Task instructions: From the first line to the last, copy the material word for word; pictures stay out.

Dataset excerpt:

══════

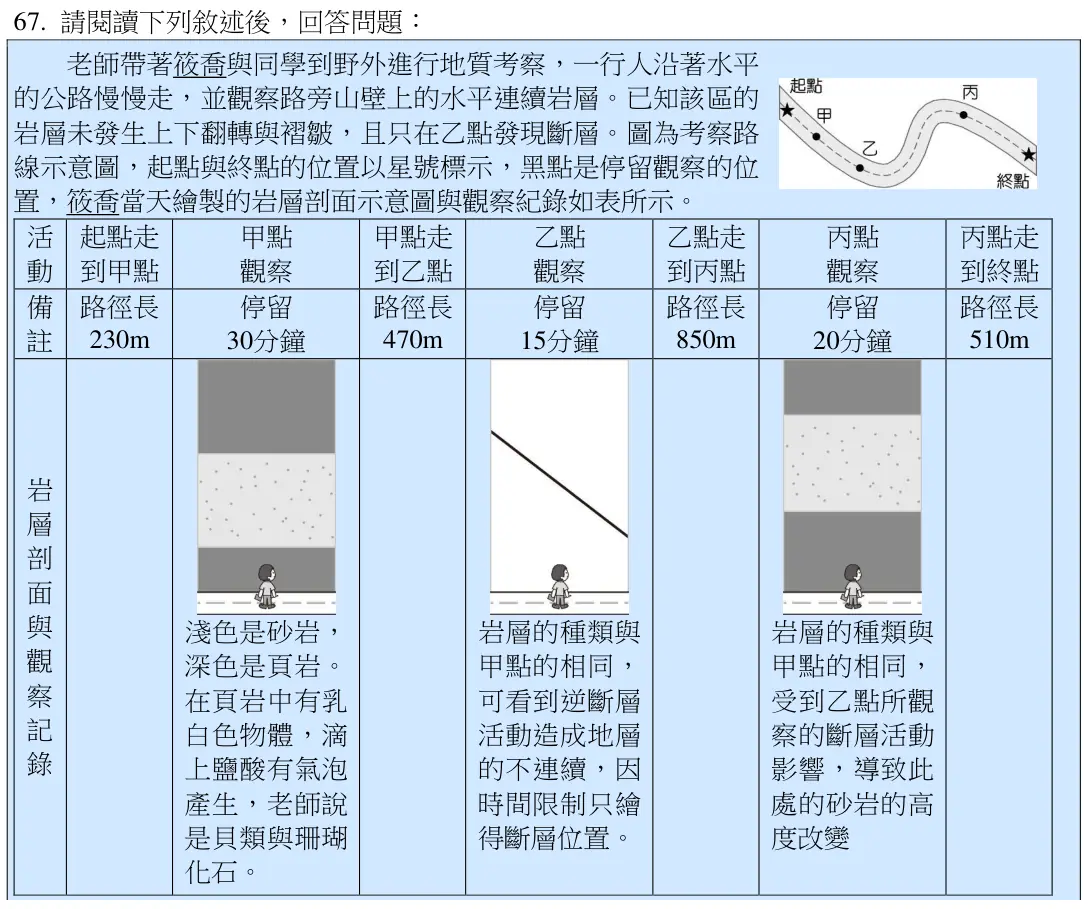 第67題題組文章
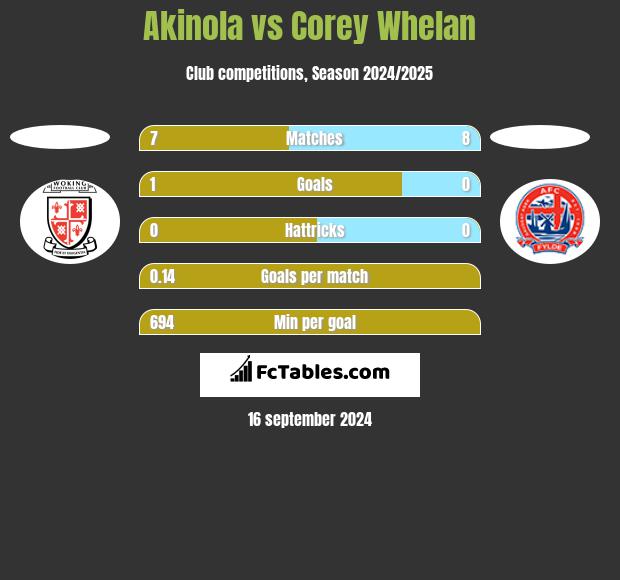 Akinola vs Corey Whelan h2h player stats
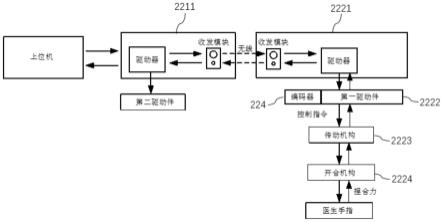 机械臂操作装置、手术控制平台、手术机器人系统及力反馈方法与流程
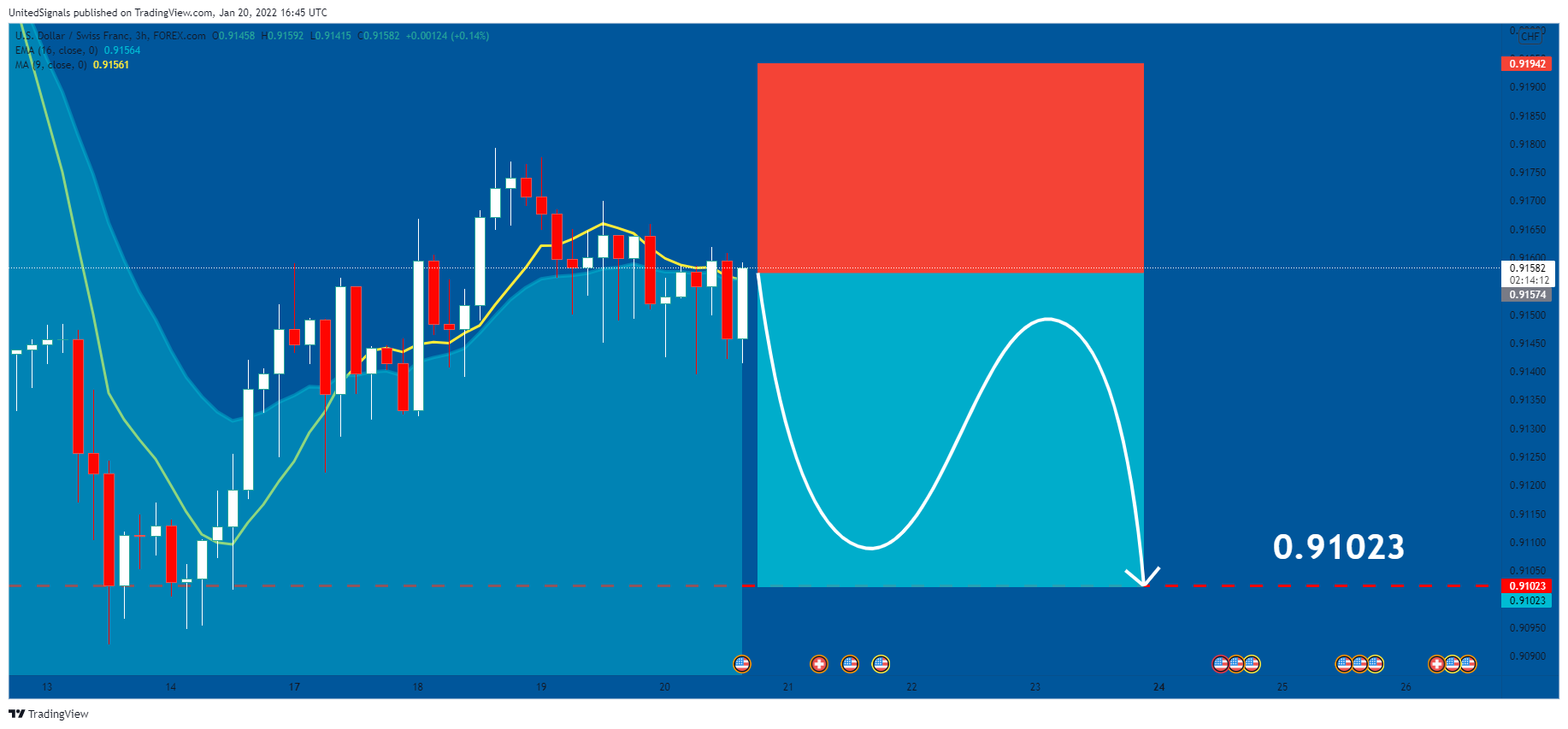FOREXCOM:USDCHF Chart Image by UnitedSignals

══════

Solution to the problem:
 第67題題組文章
 Akinola vs Corey Whelan h2h player stats
 机械臂操作装置、手术控制平台、手术机器人系统及力反馈方法与流程
FOREXCOM:USDCHF Chart Image by UnitedSignals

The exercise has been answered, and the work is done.